Sri Lanka is expected to be placed into default by rating agencies on Wednesday after the non-payment of coupons on two of its sovereign bonds, while the energy minister said the country had run out of money to pay for fuel.
An economic crisis unprecedented in the country’s history since independence in 1948 has led to a critical shortage of foreign exchange, that saw it miss two coupon payments on sovereign bonds on April 18.
Sri Lanka has already said it is unable to make the coupon payments, and a 30-day grace period ends on Wednesday.
S&P has said the ratings on the bonds, maturing in 2023 and 2028, have already been cut to ‘default’ and the country’s overall rating could be further cut to ‘D’ on confirmation of the non-payment after the grace period ends.
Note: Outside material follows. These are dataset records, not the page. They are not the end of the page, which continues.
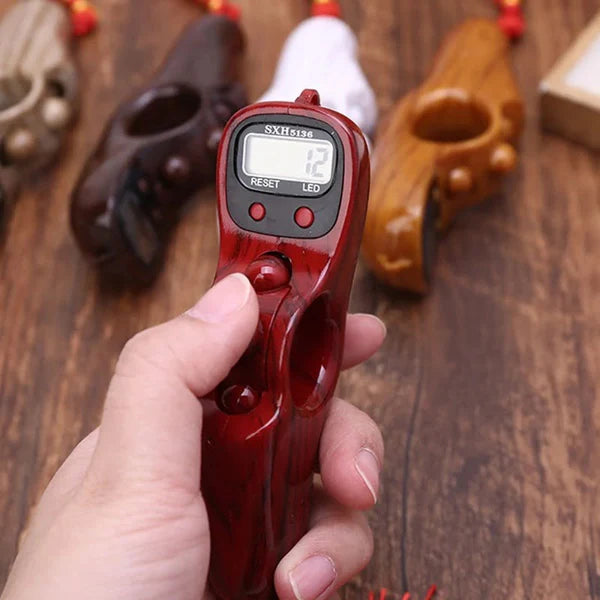 Digital Rosary Counter With Beads & LED Light -Tasbeeh Counter – Electronic Finger Tally for Zikr & Dua (5 Colors)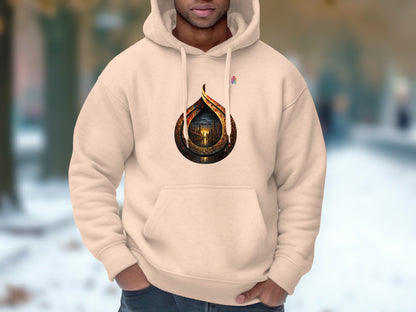 Intricately Designed Hoodie with Unique Flame Artwork product type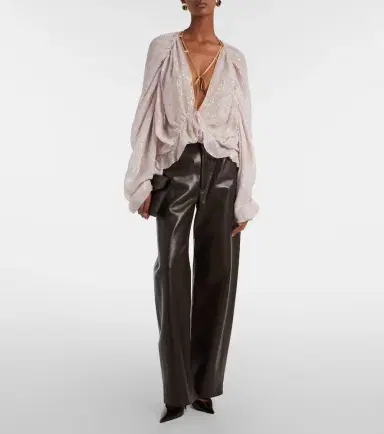 Jacques Wei Ruffled silk-blend shirt | Thumbnail 3 Jacques Wei Ruffled silk-blend shirt | Thumbnail 3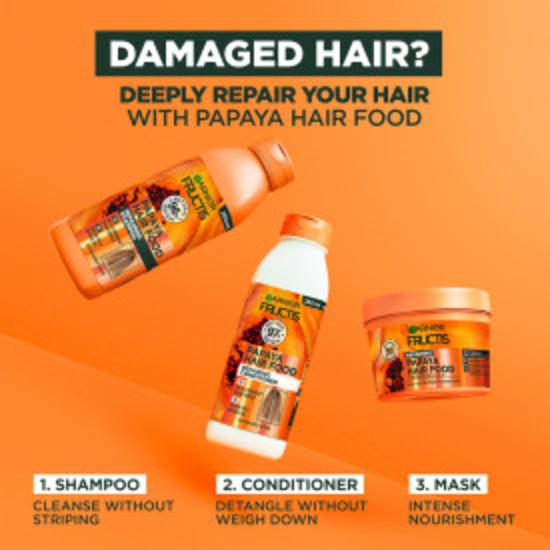 Garnier Fructis Hair Food Repairing Schampo Papaya 350 ml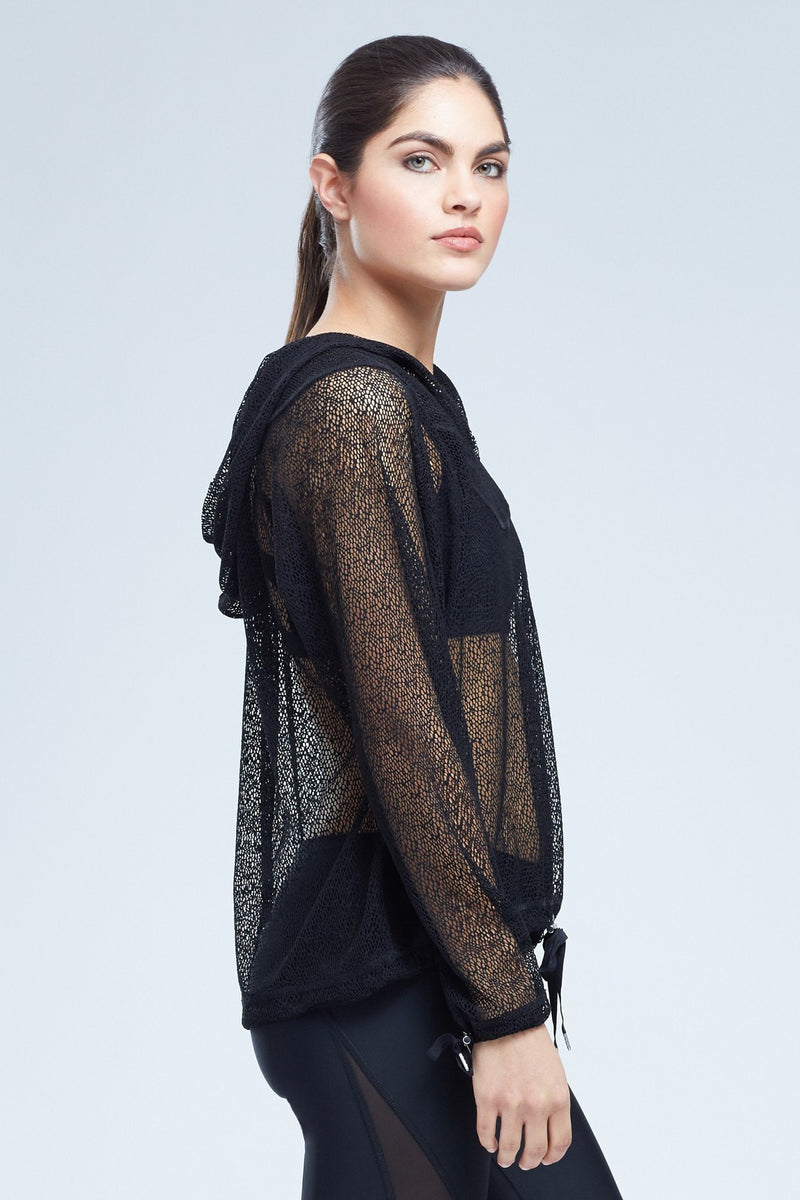 Elliot Sheer Mesh Hoodie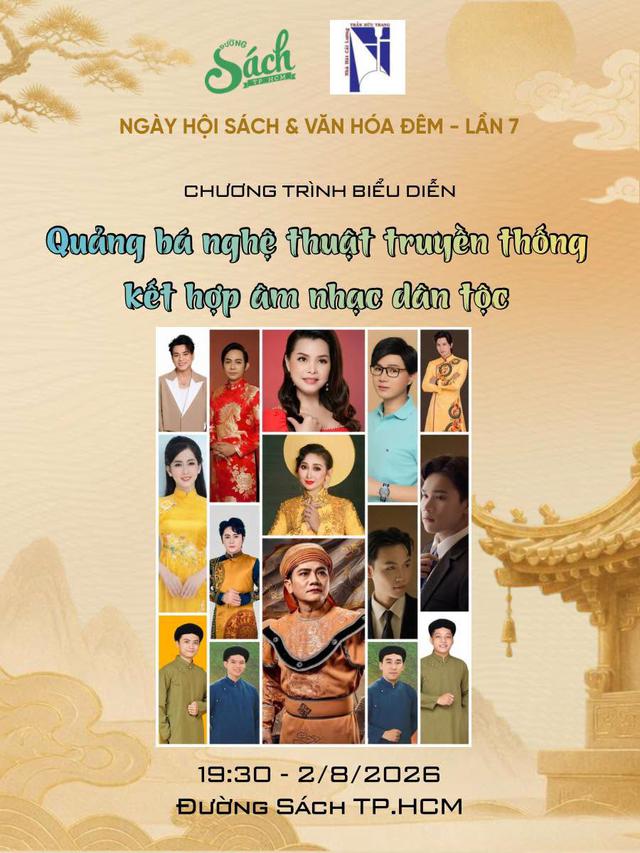 Đêm nghệ thuật cải lương tại Ngày hội sách và Văn hóa đêm - Ảnh 1.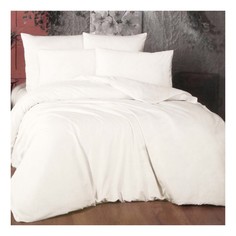 Комплект постельного белья La Besse Премиум семейный сатин белый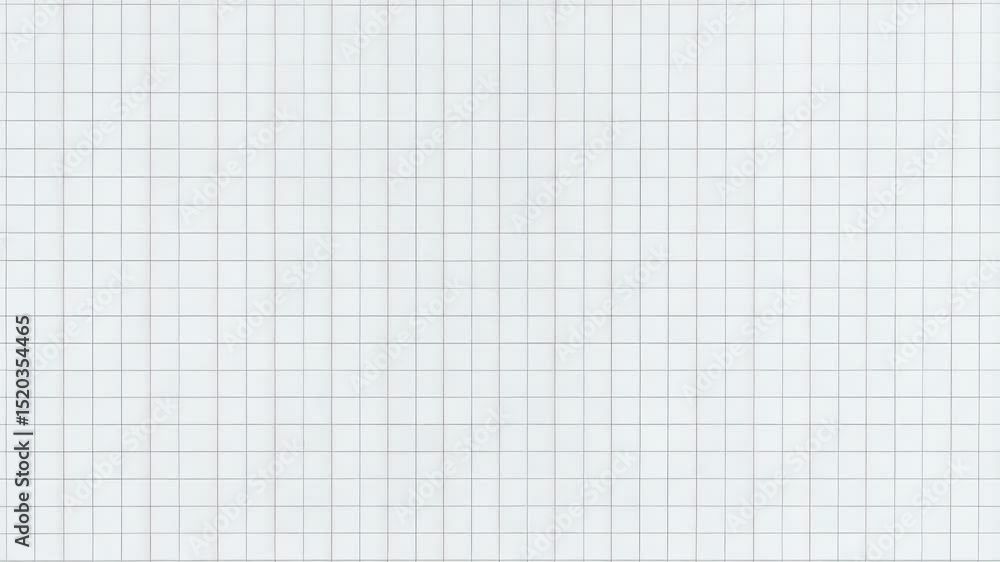 Poster close up of a blank white graph paper with light brown grid lines, ideal for architectural and engin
Sri Lanka currently has no dollars to pay for petrol shipments, Power and Energy Minister Kanchana Wijesekera told parliament, appealing to people to stop queuing for the next two days.
A petrol shipment has been at Colombo port since 28 March but the government has been unable pay, he added.
“There aren’t enough dollars available to open letters of credit,” he said.
“We are working to find funds but petrol will not be available at least until the weekend. The very small reserve stock of petrol is being released for essential services like ambulances,” he said.
Prime Minister Ranil Wickremesinghe said on Wednesday the country had secured $160 million in bridge financing from the World Bank, but it was not clear if the funds could be used for fuel payments.
“The statistics have gone haywire,” he said. “But the reality is we don’t even have $1 million.”
Hit hard by the pandemic, rising oil prices and populist tax cuts, Sri Lanka’s dire economic situation has led to spiralling inflation and shortages of essential supplies, bringing thousands of onto the streets in protest.
Violence between pro- and anti-government factions and police left nine dead and more than 300 injured last week, and was followed by the resignation of former prime minister Mahinda Rajapaksa.